Verplichtingen bij ziekte algemeen
Bijlage II
Uw verplichtingen
Zowel u als uw werknemer hebben een aantal verplichtingen voor begeleiding en loondoorbetaling bij ziekte. In deze bijlage lichten wij deze toe.
Uw werknemer is ziek als hij niet volledig in staat is om de overeengekomen arbeid te verrichten. Als uw werknemer meerdere malen ziek is en er minder dan 4 weken tussen de ziekteperiodes zit, dan worden deze periodes opgeteld en beschouwd als één ziekteperiode.

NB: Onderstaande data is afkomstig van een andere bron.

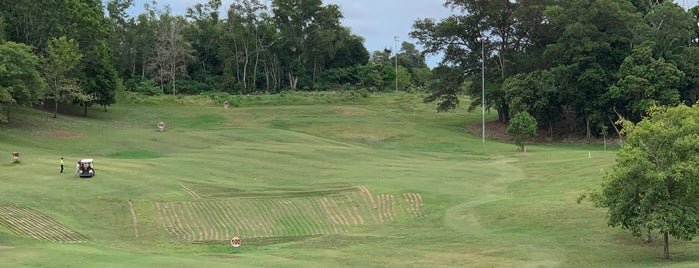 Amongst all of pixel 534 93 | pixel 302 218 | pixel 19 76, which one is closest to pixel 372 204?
pixel 302 218

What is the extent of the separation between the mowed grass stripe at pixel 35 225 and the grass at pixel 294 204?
0.43 feet

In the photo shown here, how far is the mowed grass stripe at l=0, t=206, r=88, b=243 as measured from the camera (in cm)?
2967

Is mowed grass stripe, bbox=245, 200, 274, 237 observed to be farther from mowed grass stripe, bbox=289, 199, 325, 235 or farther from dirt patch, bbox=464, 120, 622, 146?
dirt patch, bbox=464, 120, 622, 146

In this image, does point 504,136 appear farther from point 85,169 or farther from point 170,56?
point 170,56

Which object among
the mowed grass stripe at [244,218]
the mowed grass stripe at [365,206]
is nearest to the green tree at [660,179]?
the mowed grass stripe at [365,206]

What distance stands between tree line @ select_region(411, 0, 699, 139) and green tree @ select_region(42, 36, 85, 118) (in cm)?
4597

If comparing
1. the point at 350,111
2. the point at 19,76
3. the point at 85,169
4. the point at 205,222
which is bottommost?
the point at 205,222

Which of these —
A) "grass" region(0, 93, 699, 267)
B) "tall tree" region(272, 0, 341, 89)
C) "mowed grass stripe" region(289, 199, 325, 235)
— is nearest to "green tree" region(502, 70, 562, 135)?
"grass" region(0, 93, 699, 267)

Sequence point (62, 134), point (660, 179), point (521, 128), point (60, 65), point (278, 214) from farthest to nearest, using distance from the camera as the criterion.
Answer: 1. point (60, 65)
2. point (521, 128)
3. point (62, 134)
4. point (278, 214)
5. point (660, 179)

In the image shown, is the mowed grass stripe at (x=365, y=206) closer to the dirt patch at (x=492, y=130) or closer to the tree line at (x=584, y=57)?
the tree line at (x=584, y=57)

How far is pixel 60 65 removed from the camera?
71.7 metres

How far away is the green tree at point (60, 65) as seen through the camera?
71688 mm

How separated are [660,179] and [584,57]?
180ft

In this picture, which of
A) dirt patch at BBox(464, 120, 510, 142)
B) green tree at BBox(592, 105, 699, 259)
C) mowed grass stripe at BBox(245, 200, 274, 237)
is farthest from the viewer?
dirt patch at BBox(464, 120, 510, 142) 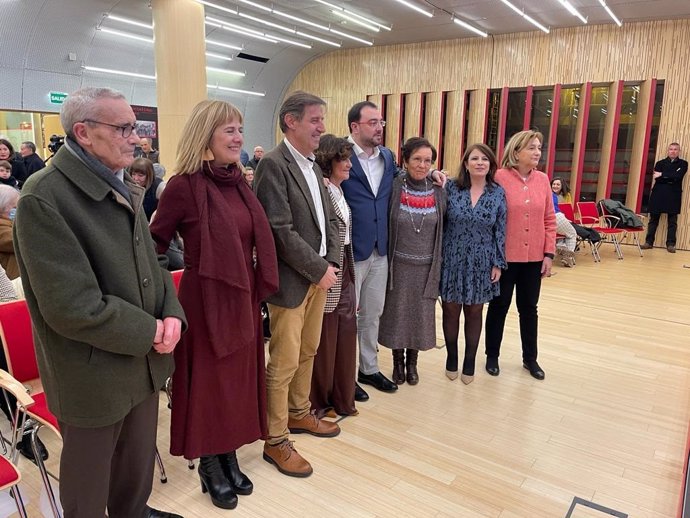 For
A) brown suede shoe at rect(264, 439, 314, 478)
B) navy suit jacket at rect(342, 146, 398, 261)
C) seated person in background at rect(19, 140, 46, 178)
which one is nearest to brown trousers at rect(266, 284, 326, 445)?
brown suede shoe at rect(264, 439, 314, 478)

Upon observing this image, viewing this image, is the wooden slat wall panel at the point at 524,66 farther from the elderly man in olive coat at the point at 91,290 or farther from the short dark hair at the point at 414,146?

Wettelijke loondoorbetalingsverplichting
Het Burgerlijk Wetboek (artikel 6.29 van boek 7) verplicht u als werkgever om bij ziekte de eerste 104 weken het loon uw werknemers door te betalen. In het eerste ziektejaar is dat altijd minimaal 70% van het minimumloon. In het tweede jaar is het 70% van het daadwerkelijke loon. Dit kan dus lager zijn dan het minimumloon.
Wettelijke loondoorbetalingsverplichting bij tijdelijk dienstverband
Ook werknemers met een tijdelijk dienstverband die ziek worden, hebben recht op loondoorbetaling bij ziekte. Wanneer aan het einde van het tijdelijke dienstverband nog sprake is van ziekte neemt het Uitvoeringsinstituut Werknemersverzekeringen (UWV) de loondoorbetaling over. De werknemer krijgt dan een uitkering op basis van de Ziektewet.
Loondoorbetalingsverplichting vanuit CAO
Vanuit de CAO kunt u een hogere loondoorbetalingsverplichting hebben dan wettelijk is geregeld. Kijk voor uw CAO op de website van uw beroepsvereniging.
Om het ziekteverzuim te beperken legt de Wet Verbetering Poortwachter procesverplichtingen op aan werkgever én werknemer. Deze verplichtingen zijn:
- Ziektegevallen moeten uiterlijk binnen 24 uur worden gemeld bij de werkgever.
- Na maximaal 6 weken moet een Probleemanalyse worden opgesteld. Hierin wordt vermeld waarom uw werknemer niet meer kan werken, wat zijn mogelijkheden tot herstel zijn en wanneer hij het werk weer denkt te kunnen hervatten.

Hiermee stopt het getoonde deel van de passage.